Steps Forward, Steps Backward

Saturday, February 25, 2012 | Tenadi, Mauritania

At Tenadi, several hours' drive from the Mauritanian capital, two colleagues pause for the view atop a sand dune.
In the Middle East and North Africa, 2011 began with a bang that never let up. A transformational revolution in Tunisia sparked uprisings across the Arab world that, in one way or another, touched every country in the region.

The sudden explosion of the Arab Spring—which saw once dormant populations shock their rulers by gathering in the streets to demand a new political order—is a tremendously positive development for a part of the world that for so long seemed by turns stuck in the mud or actively regressing. Since the initial uprisings, however, the horrific violence, political roadblocks, and other deterrents which various regimes have deployed are a reminder of just how difficult a task the citizens of these countries still face.

The current year—a turbulent one already—is only reinforcing that conclusion. Just two months
into 2012, Syria is witnessing a frightening escalation of violence against innocent civilians. Egypt's military leaders are busy undermining their country's so-called revolution and intimidating independent civil society groups. Battle-scarred Libya and Yemen remain in a precarious state. Leaders from Morocco to Algeria to Jordan to Bahrain and elsewhere have succeeded in beating back or heading off uprisings in their countries while avoiding fundamental change.
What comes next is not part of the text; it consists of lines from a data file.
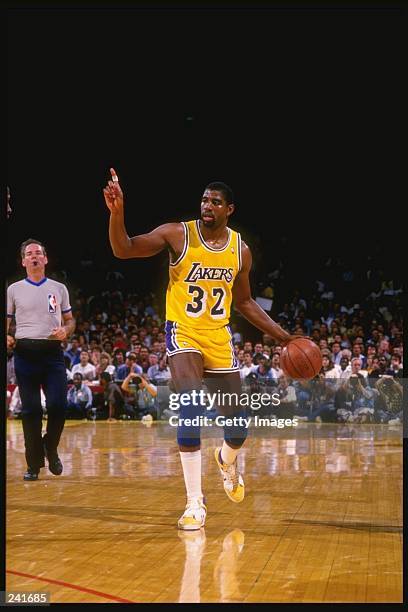 Point guard Magic Johnson of the Los Angeles Lakers dribbles the ball down the court during a game at the Great Western Forum in Inglewood,...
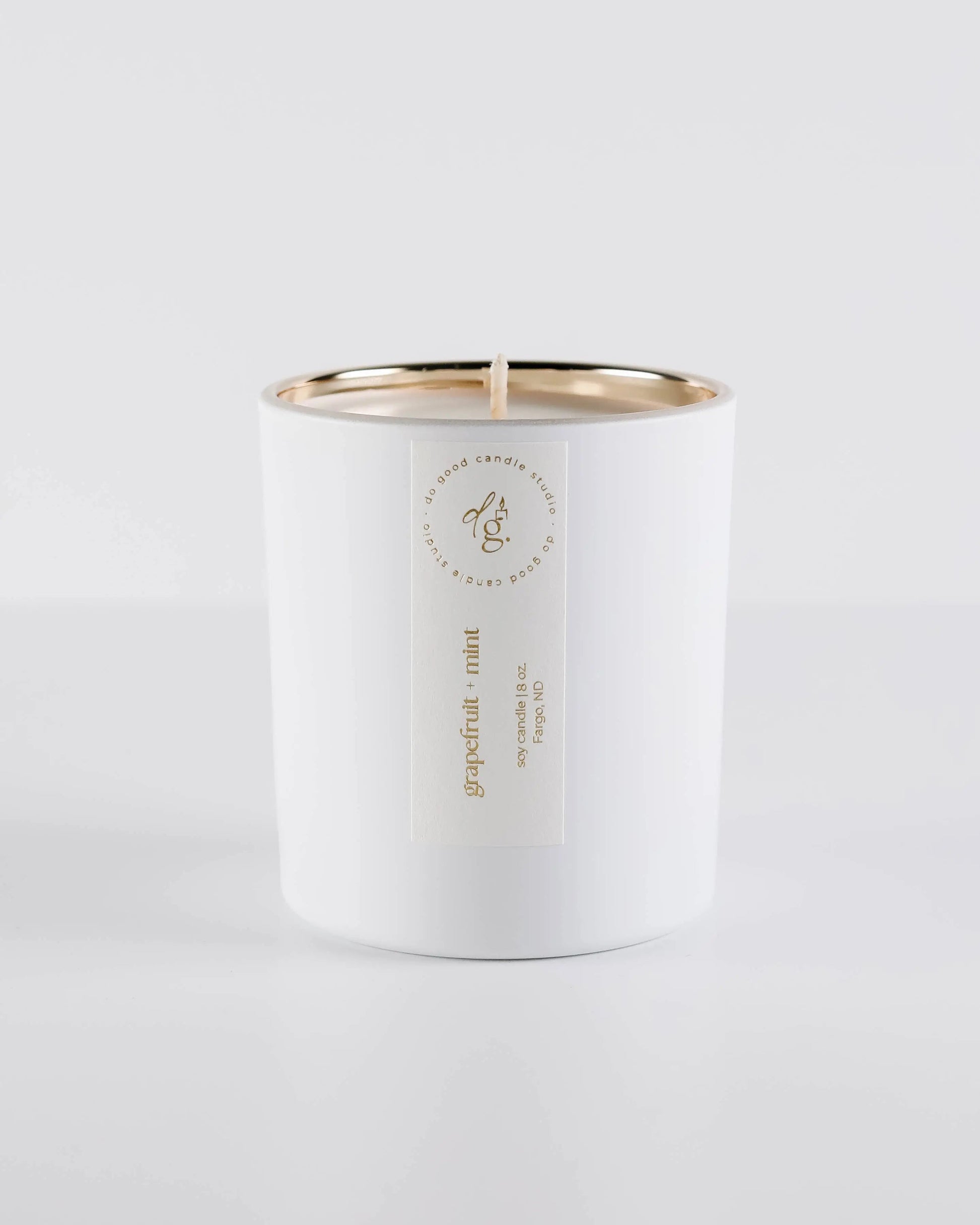 Grapefruit + Mint candle on a white backdrop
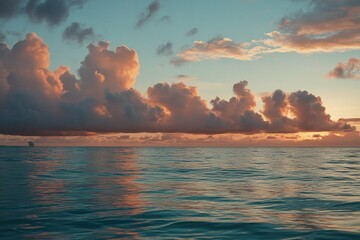 Wall Mural - a single boat floats on calm waters during sunset, with a clear blue sky and orange hues
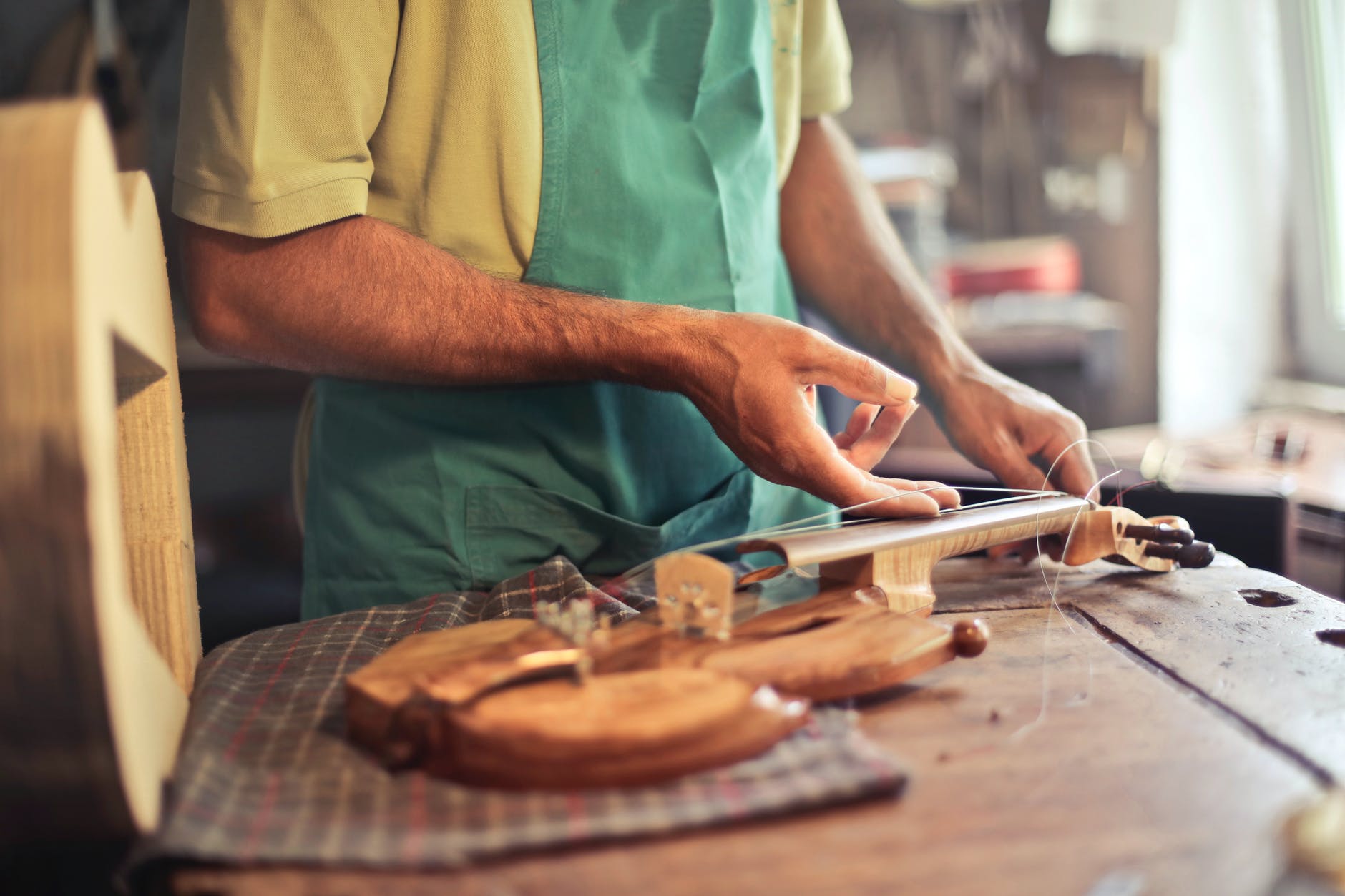 photo of person making a string instrument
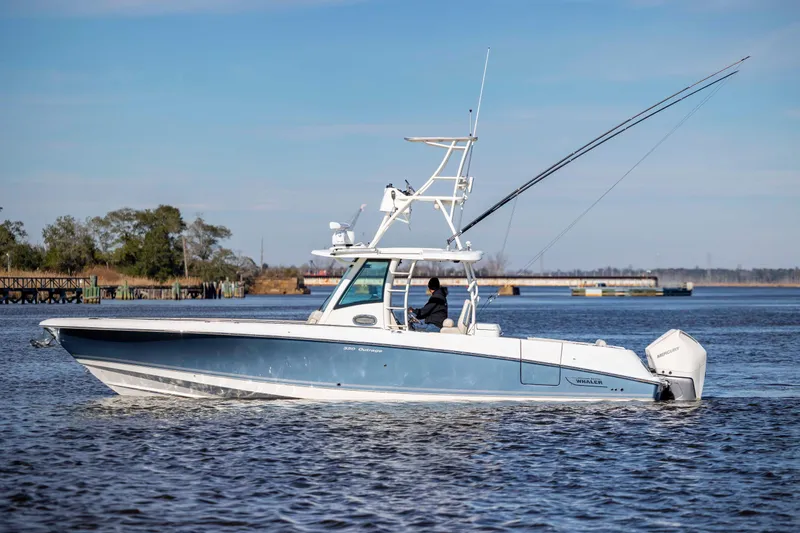 Yacht Photos Pics 2019 Boston Whaler 350 Outrage boat cruising on a calm river.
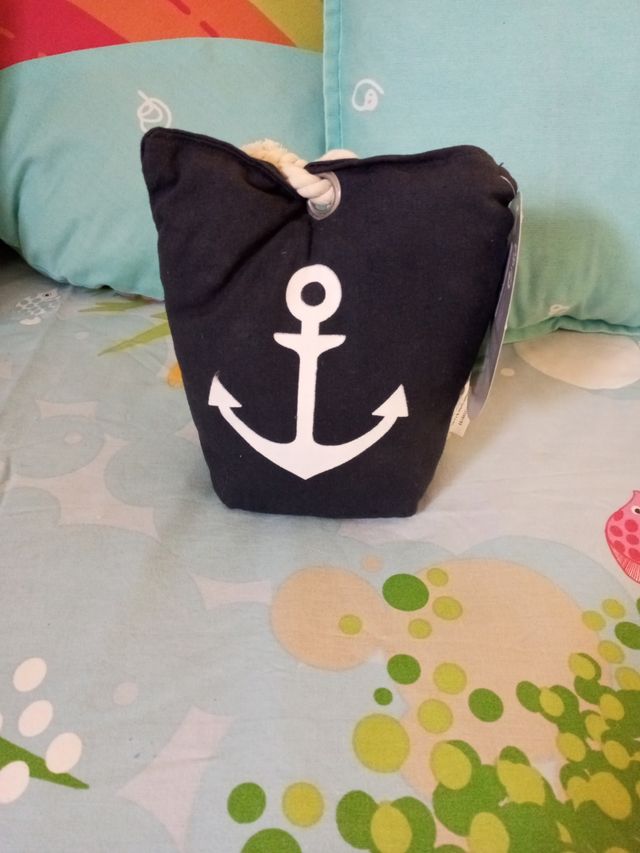 Tope de puertas anclado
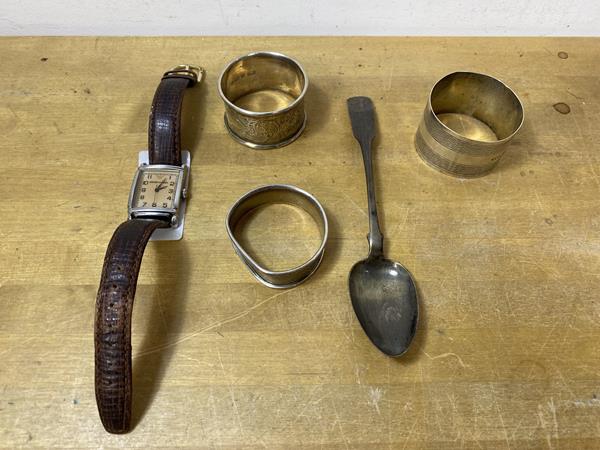 A group of three hallmarked silver napkin rings, a Georgian Scottish teaspoon, combined weight 61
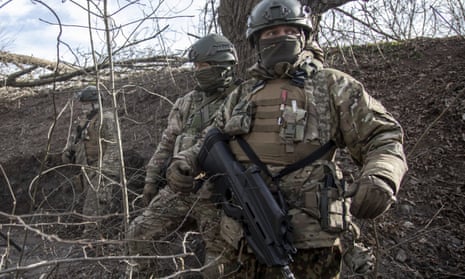 Ukrainian servicemen are seen in the Toretsk frontline in Donbas.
Steps forward, steps backward—this is what progress looks like.

* * *

Not long after my last trip to the region back in September, I was again on a plane for North Africa. I spent November in a hotel in Rabat, helping to coordinate international observers for the country's first parliamentary election under its new, post-Arab-Spring constitution. As the elections—or more specifically the population's relative disinterest in them—highlighted, the new constitution hadn't brought real change to Morocco. The kingdom remained a kingdom in every way, and most Moroccans knew they still weren't the ones calling the shots.

I barely left the hotel, and barely slept. Still, walking the streets of Rabat, it still feels surreal to find the place so familiar, and to be reminded of the life I once had there. Steps forward in time, steps backward in time.

Next, back to Mauritania, as gloriously bleak as before. This trip I was lucky enough to get half a day to escape the capital. I convinced a few colleagues—two of whom professed to have never seen the desert, despite having lived their whole lives in the country—to accompany me on a short excursion to Tenadi, a rest stop several hours southeast of Nouakchott along Mauritania's Route d'Espoir, the ironically named "Road of Hope" that leads to Mali through hundreds of miles of desolate dunes and scrub. Every ten kilometers or so, soldiers waved us over to a checkpoint at the road's shoulder to study our papers for a few moments. In a place like Mauritania—plagued by militant activity, trafficking of people and weapons and drugs, and frequent military coups—extra security doesn't make you feel safe, because it's just a reminder that even the thugs in charge don't feel safe.

From the peak of a towering sand dune, Tenadi was beautiful, in the stark way that some deserts are. The horizon was etched with the sharp sand hills, and dotted with scraggly brush. Goats panted under each thorny thicket, and loose herds of camels drifted among the scrub. Even in mid-December, it was a hundred degrees in the shade. Not that I was complaining. After months of nonstop activity, an afternoon adventure outside the office with friends was a welcome break.

Since stumbling across the finish line of 2011, sick and stressed and burnt out, I've been focusing on correcting my work-life balance a bit in the new year, which will hopefully bring as many steps forward as backward.